武蔵野市平和の日条例制定10周年記念事業

大石芳野写真展 瞳の奥に-戦争がある-

大石芳野 壊れた窓からのぞく少女 コソボ、1999 ©︎ Yoshino Oishi

大石芳野 ジャン アフガニスタン、2003 ©︎ Yoshino Oishi

 武蔵野市立吉祥寺美術館は、武蔵野市平和の日条例制定10周年記念事業として、「大石芳野写真展 瞳の奥に-戦争がある-」を開催している。

 大石は、戦禍や内乱など困難な状況にありながらもたくましく誇りをもって生きる人々、土着の文化や風土を大切にしながら生きる人々を主なテーマに撮影を続ける写真家。

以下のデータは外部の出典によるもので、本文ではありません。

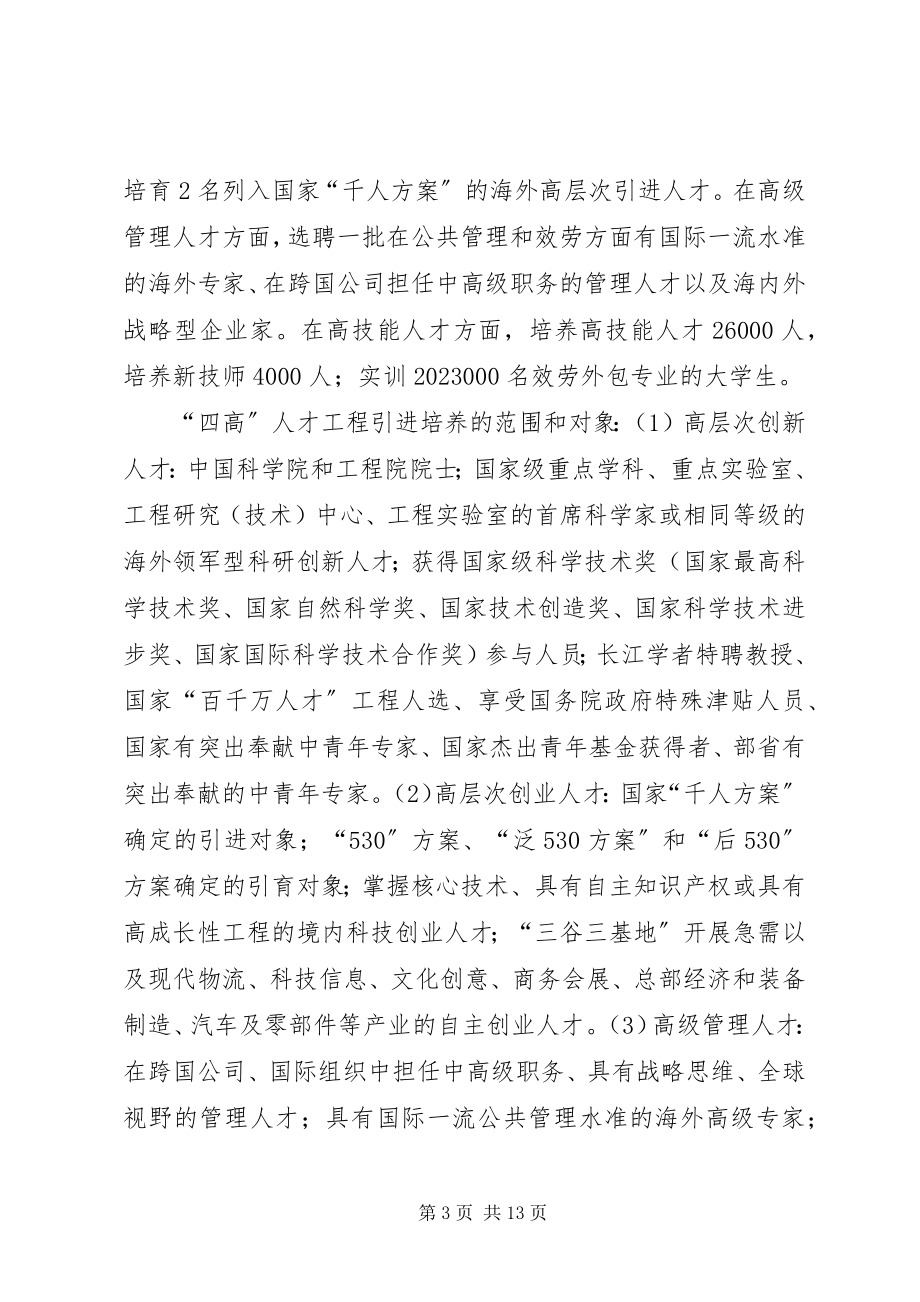 2023年人才工程深化建设的意见.docx_第3页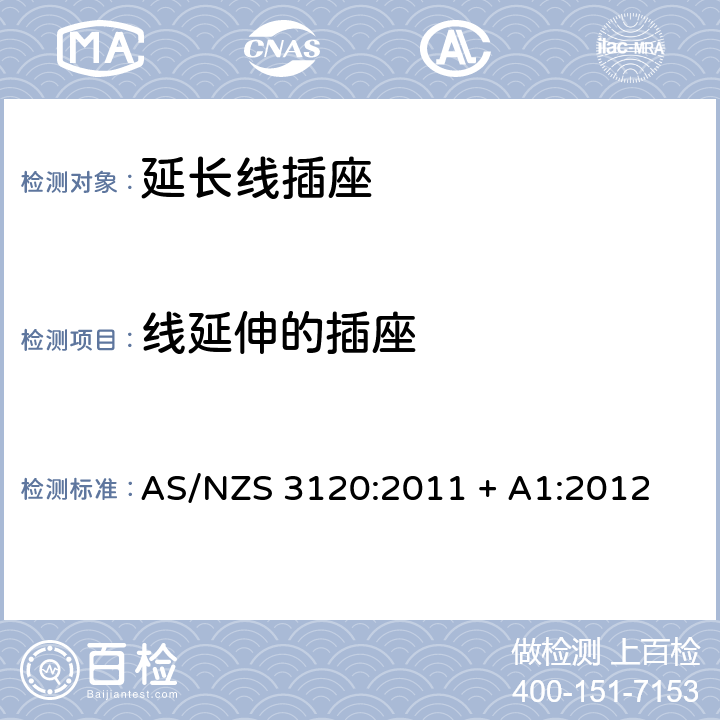 线延伸的插座 认可和试验规范-延长线插座 AS/NZS 3120:2011 + A1:2012 2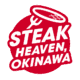 okinawasteak_logo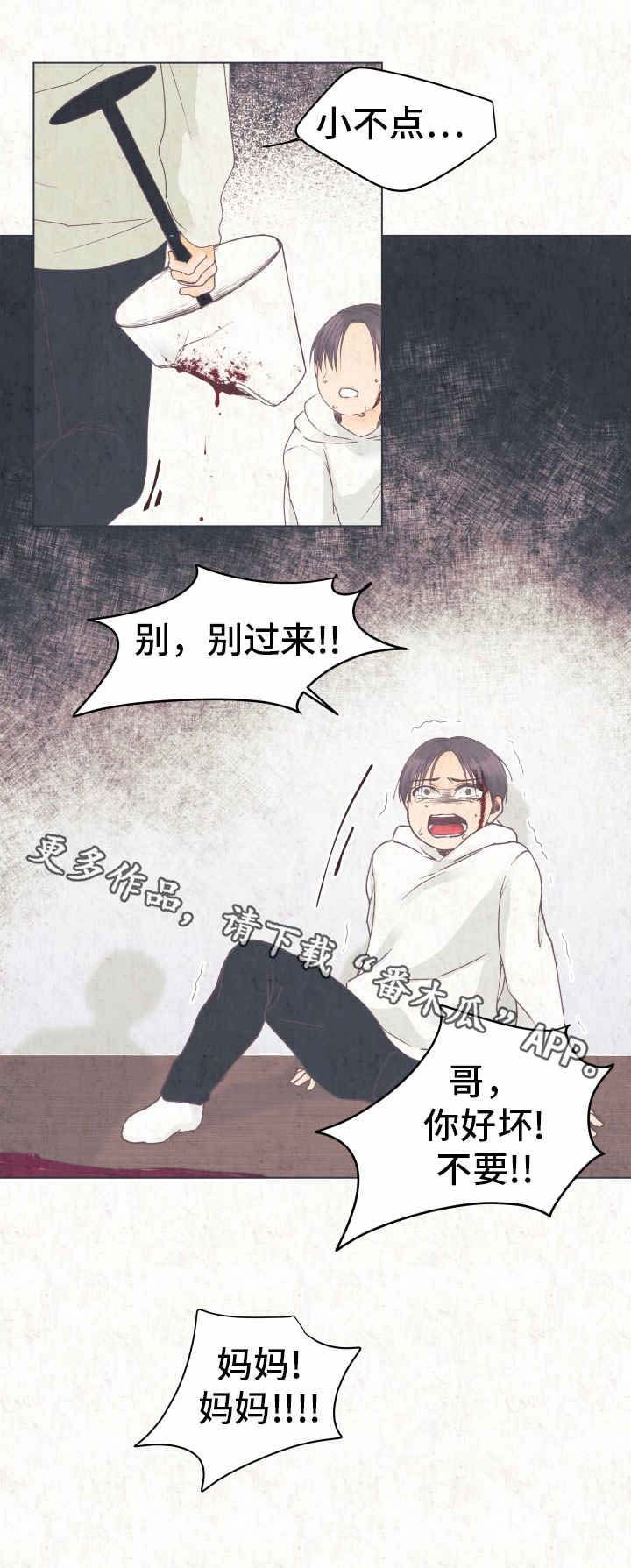 第16章：闪现的记忆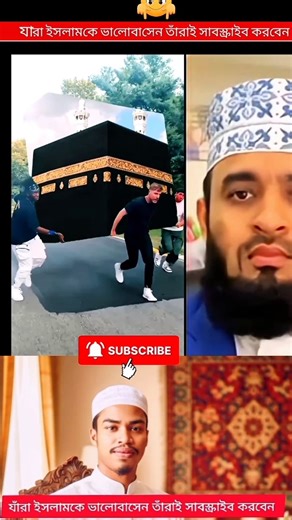 Raining with kava shrift.#islamicshorts #shift #youtubeshorts #shorts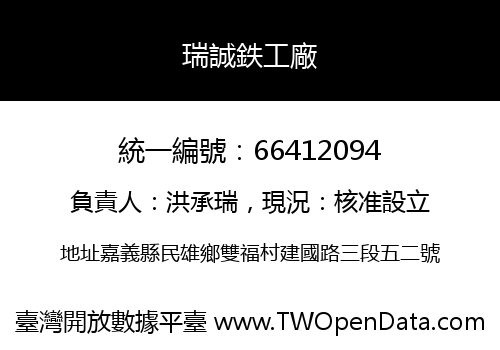 瑞誠鉄工廠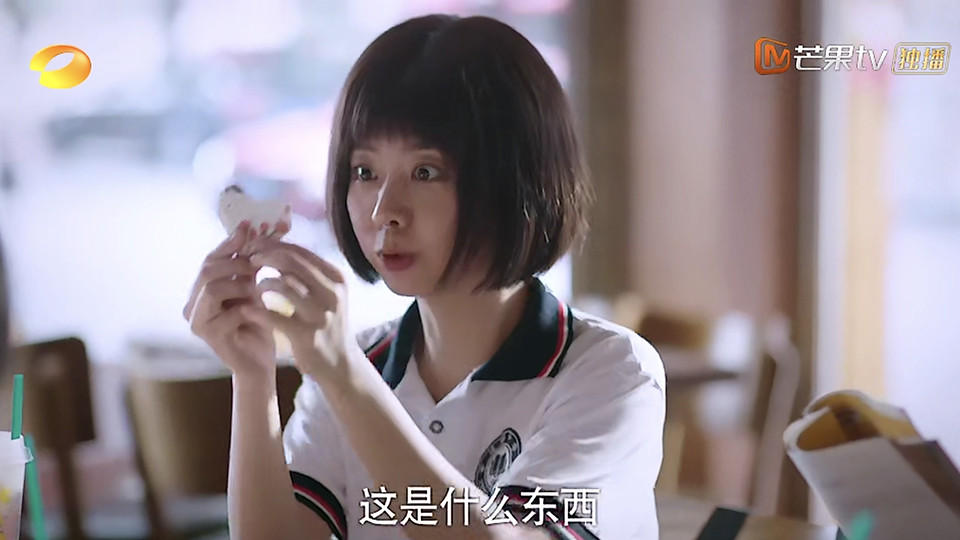《以家人之名》隱藏10個凌霄喜歡李尖尖的細節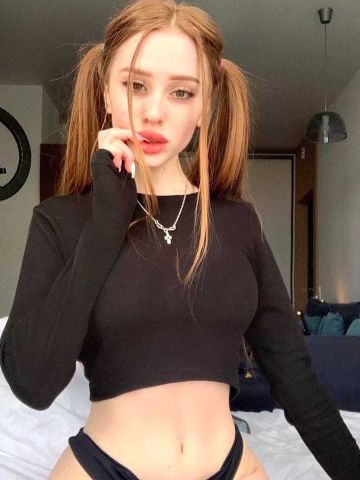Фаина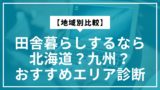 【地域別比較】田舎暮らしするなら北海道？九州？おすすめエリア診断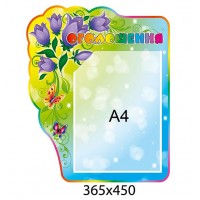 Планшет Объявления Колокольчики (А4)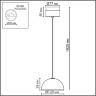 Odeon Light LULU 5453/6LA Декоративный светодиодный подвесной светильник с коричневым керамическим плафоном и бронзовым основанием 6W 3000K CRI80 550Лм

約40年あまりにわたり、戦争の犠牲になった人々を取材し、悲惨な傷跡に苦しむ声に向き合いレンズを向けることで、平和の尊さを問い続けた。著作に『沖縄に活きる』『夜と霧は今』『HIROSHIMA半世紀の肖像-やすらぎを求める日々』『カンボジア苦界転生』『ベトナム凜と』『子ども戦世のなかで』『福島FUKUSHIMA 土と生きる』『戦争は終わっても終わらない』『戦禍の記憶』『長崎の痕』ほか。土門拳賞、エイボン女性大賞、紫綬褒章、JCJ賞などを受賞。

 本展では、戦禍にいまなお苦しむ世界の子供たちや、子供の頃に戦争を体験した武蔵野市内在住の7人と、戦争の犠牲になった国内の人々の姿をとらえた写真77点を展示している。

 大石は、被写体の内面を写し出したいときにモノクロームを選択することが多いと言う。枯葉剤、不発弾、虐殺、破壊、民族浄化、紛争。ベトナム、ラオス、カンボジア、アフガニスタン、コソボ、スーダンと、子供たちの真剣で鋭い瞳が伝える、「戦争はもう嫌だ」というメッセージが作品を通して多くの人に届くよう願いが込められている。